_EXERCISE DATA_
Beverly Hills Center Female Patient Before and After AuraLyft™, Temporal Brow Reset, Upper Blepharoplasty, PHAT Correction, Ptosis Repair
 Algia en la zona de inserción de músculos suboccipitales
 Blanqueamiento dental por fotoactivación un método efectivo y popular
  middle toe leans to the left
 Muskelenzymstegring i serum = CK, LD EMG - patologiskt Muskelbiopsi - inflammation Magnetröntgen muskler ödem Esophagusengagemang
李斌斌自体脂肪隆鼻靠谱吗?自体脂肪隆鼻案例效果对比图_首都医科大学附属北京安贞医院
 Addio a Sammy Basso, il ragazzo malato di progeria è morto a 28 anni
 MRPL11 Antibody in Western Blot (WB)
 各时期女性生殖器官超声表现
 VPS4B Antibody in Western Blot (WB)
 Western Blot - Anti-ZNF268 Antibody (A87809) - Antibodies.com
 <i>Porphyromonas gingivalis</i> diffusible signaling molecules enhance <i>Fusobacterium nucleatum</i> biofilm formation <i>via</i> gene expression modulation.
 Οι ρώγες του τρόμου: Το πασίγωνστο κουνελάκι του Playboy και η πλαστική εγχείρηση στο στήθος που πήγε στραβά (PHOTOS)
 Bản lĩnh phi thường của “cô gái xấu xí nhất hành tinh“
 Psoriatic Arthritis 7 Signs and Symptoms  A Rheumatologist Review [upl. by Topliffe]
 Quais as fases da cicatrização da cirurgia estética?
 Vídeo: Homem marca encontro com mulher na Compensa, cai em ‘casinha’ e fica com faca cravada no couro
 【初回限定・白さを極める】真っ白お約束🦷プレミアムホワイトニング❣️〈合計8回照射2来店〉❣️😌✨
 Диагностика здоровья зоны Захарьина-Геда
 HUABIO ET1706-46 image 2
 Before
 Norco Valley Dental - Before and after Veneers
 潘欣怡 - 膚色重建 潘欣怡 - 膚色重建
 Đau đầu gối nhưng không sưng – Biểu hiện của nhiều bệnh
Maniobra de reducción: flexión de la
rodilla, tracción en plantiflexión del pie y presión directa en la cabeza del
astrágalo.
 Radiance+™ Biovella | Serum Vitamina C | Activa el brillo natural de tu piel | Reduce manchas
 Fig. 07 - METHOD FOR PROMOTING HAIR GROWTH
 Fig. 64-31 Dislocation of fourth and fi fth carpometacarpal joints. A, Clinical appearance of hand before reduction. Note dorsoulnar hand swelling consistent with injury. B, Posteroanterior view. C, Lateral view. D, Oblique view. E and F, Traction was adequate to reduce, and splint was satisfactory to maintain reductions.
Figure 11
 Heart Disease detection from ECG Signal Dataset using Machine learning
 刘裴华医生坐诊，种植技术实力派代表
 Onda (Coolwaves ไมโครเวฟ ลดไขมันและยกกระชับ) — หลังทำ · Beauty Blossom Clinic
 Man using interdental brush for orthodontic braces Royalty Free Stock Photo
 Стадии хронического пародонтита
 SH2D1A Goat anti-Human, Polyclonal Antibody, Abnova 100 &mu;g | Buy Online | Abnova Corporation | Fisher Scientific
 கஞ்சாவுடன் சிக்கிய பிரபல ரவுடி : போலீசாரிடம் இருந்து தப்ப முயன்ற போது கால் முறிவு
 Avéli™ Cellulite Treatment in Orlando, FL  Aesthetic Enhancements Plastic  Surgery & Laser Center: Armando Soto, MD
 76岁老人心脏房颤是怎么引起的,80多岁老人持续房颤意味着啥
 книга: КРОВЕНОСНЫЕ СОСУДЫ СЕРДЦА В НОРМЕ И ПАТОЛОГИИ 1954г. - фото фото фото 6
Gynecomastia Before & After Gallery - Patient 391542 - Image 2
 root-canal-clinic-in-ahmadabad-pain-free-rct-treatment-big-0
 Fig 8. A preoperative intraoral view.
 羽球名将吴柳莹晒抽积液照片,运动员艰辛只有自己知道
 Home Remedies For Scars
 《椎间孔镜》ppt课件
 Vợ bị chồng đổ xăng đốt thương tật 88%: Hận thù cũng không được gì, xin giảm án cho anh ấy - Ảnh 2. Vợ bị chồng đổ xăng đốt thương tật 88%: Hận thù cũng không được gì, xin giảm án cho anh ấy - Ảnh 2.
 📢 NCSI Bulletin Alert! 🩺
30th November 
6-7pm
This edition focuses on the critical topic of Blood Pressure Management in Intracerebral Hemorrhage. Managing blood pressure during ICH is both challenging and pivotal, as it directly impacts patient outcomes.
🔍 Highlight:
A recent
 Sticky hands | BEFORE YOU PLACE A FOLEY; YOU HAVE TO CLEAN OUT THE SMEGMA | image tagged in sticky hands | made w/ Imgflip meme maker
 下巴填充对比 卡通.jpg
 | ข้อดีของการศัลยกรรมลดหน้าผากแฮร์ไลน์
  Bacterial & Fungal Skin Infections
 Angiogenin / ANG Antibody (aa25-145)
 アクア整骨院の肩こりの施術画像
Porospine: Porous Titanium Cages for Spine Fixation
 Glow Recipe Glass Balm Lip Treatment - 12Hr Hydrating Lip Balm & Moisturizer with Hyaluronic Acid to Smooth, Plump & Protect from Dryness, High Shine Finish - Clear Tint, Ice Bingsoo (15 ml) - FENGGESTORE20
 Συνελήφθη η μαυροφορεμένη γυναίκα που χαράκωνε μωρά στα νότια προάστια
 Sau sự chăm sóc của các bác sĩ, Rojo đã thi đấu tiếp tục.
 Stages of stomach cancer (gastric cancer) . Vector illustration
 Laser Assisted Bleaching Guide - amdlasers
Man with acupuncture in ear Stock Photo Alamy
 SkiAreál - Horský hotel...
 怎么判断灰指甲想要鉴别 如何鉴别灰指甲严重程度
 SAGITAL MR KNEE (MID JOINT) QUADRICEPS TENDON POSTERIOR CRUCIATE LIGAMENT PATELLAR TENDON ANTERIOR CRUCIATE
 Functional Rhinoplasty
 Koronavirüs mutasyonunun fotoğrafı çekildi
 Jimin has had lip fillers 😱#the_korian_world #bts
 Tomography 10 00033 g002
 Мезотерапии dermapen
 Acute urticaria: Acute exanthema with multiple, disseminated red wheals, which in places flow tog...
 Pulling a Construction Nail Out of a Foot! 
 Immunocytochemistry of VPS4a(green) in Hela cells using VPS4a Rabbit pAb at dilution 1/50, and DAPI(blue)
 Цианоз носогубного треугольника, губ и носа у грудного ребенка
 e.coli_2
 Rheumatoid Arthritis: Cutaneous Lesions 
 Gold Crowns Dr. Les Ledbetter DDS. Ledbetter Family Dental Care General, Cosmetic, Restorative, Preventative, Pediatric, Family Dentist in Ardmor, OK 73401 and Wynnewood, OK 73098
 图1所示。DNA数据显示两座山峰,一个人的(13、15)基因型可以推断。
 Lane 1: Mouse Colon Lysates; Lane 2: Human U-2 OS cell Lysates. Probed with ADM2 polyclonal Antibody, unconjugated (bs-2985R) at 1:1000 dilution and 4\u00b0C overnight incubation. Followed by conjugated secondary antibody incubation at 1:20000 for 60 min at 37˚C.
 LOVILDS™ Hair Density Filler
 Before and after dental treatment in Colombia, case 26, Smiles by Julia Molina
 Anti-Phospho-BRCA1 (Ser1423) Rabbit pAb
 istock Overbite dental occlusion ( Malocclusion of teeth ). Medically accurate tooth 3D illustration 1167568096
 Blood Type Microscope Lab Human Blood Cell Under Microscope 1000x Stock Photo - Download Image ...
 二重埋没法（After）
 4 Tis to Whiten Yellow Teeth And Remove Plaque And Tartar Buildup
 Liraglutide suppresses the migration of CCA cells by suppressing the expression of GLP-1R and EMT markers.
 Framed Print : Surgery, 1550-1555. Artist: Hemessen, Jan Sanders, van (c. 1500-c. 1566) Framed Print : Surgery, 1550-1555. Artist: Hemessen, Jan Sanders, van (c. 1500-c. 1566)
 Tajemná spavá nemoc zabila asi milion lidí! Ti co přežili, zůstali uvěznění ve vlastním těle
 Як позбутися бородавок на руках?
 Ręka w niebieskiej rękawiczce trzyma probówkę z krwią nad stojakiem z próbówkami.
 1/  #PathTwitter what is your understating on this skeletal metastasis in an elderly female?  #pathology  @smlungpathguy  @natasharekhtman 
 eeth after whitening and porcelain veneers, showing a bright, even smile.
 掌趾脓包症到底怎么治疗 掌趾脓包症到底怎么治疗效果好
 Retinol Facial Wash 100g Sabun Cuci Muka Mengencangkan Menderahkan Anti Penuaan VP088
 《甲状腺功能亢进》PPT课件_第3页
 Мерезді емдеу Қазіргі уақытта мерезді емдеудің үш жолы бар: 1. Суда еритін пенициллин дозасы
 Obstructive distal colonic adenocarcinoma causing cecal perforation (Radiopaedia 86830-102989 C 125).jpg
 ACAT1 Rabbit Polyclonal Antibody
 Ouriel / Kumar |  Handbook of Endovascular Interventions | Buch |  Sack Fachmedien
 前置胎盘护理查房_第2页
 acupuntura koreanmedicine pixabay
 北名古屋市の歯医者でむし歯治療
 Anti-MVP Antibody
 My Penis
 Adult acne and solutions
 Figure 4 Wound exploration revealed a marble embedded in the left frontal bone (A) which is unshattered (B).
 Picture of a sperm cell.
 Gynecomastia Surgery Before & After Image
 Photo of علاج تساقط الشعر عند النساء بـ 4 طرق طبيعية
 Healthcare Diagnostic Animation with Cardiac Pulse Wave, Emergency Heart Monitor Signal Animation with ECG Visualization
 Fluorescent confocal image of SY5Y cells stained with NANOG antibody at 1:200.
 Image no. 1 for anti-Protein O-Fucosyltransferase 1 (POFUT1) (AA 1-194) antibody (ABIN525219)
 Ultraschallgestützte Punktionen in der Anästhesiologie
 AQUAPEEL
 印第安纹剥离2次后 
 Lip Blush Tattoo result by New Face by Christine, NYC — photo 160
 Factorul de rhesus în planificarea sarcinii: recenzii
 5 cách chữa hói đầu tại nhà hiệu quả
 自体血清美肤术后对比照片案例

_YOUR OBJECTIVE_
Scan the material above for the string "Gynecomastia". Copy each line that holds it.

_SOLVED PROBLEM_
Gynecomastia Before & After Gallery - Patient 391542 - Image 2
 Gynecomastia Surgery Before & After Image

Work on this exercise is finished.